Why Denise “keep(s) hearing that canon law says the DRE is in charge of the parish and everyone reports to her” is a mystery. Neither the title nor the job of “Director of Religious Education” even exists in the Code of Canon Law! But for whatever reason, in much of North America the position of DRE has become standard in many parishes, and far too many Catholics there now wrongly attribute to this role an exalted status which is altogether unwarranted. While we’re on the subject, it’s worth noting that theologically, the real director of religious education at a parish is always, always the parish priest and nobody else. It is he who is entrusted by the diocesan bishop with the spiritual wellbeing of the people of the parish, and that includes ensuring that they are properly trained in the faith, not only by giving a homily on Sundays and holydays, but by proper catechetical formation (c. 528.1 and cc. 776-777). In centuries past, when life was simpler, it was the parish priest who would teach the children their catechism himself, often gathering them all in the church on a Sunday afternoon and teaching them the basic truths of the Catholic faith.

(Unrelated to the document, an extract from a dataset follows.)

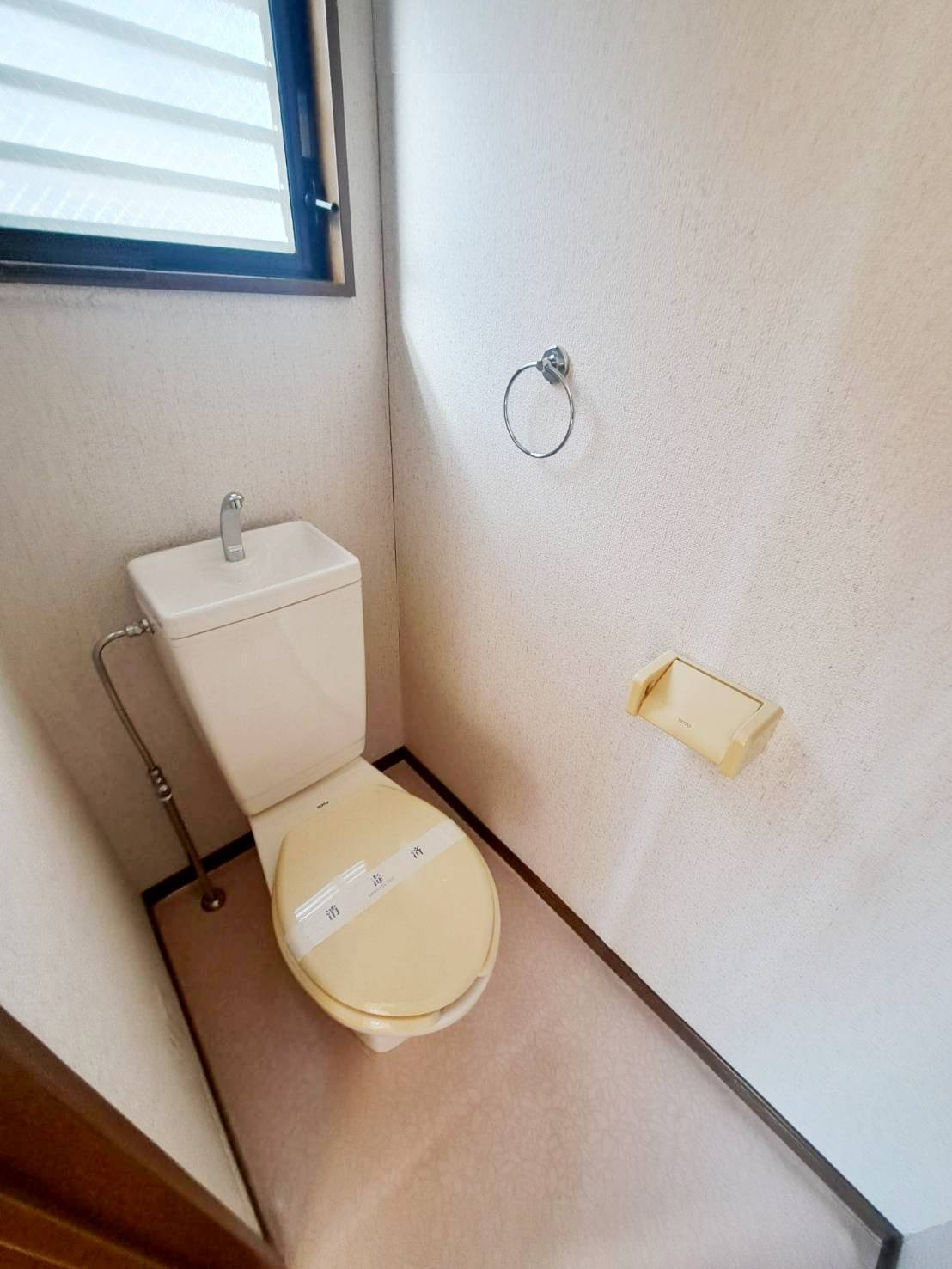 トイレ　トイレにも窓あり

But as most of us are keenly aware, in large parishes nowadays where the parish priest has no parochial vicar(s) to assist him, often the poor priest is completely overwhelmed by all the work which his responsibilities entail—and so he naturally gets help when he can. Sometimes this involves asking a retired priest to help by hearing confessions and celebrating some of the Masses; sometimes it means hiring laypersons to assist in other, non-sacramental tasks. This is how the job of “Director of Religious Education” developed: the parish priest who can’t manage to do everything himself will find a (qualified, we hope!) non-cleric to oversee catechesis in the parish, in accord with the abovementioned canon 776.

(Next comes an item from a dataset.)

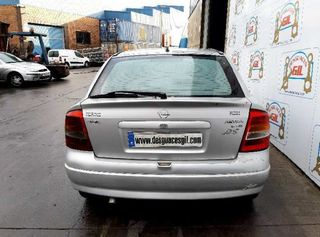 1053704 centralita motor uce 8973065750 opel astra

Note that as with all the other workers in the parish, the DRE’s boss is the pastor, who can of course always overrule the DRE if he disagrees with any aspect of the way the catechetical program is being run. (See “Who is Responsible for Children’s Religious Education?” for more on this subject.) In other words, a DRE is no more autonomous than the janitor or the gardener or any other parish employee. Remember that absent an unusual situation, a DRE holds no ecclesiastical office, has no particular rights under canon law, and is ordinarily employed solely in accord with civil law. And so the notion that “the DRE is in charge of the parish and everyone reports to her” is actually quite laughable.
The fact is, when there is no pastor, the administrator is in charge of the parish, and everyone reports to him. Period.
It could very well happen that the administrator chooses to leave the operation of the parish catechetical program up to the DRE during his tenure. After all, in many cases a priest who is assigned to be a parish administrator is already the pastor of a parish nearby—and he is thus obliged to try to do two full-time jobs at once. Particularly if an administrator knows that his role is only going to last a few weeks, he may decide simply to leave the parish operation on “auto-pilot” and let the employees do their usual thing without interference. But this is a far cry from putting any of them in charge of the parish! Only the pastor or administrator is “in charge of the parish,” and only an ordained priest can have the role of pastor (c. 521.1), or of parish administrator (c. 539 again). Theologically, that’s exactly the way it should be.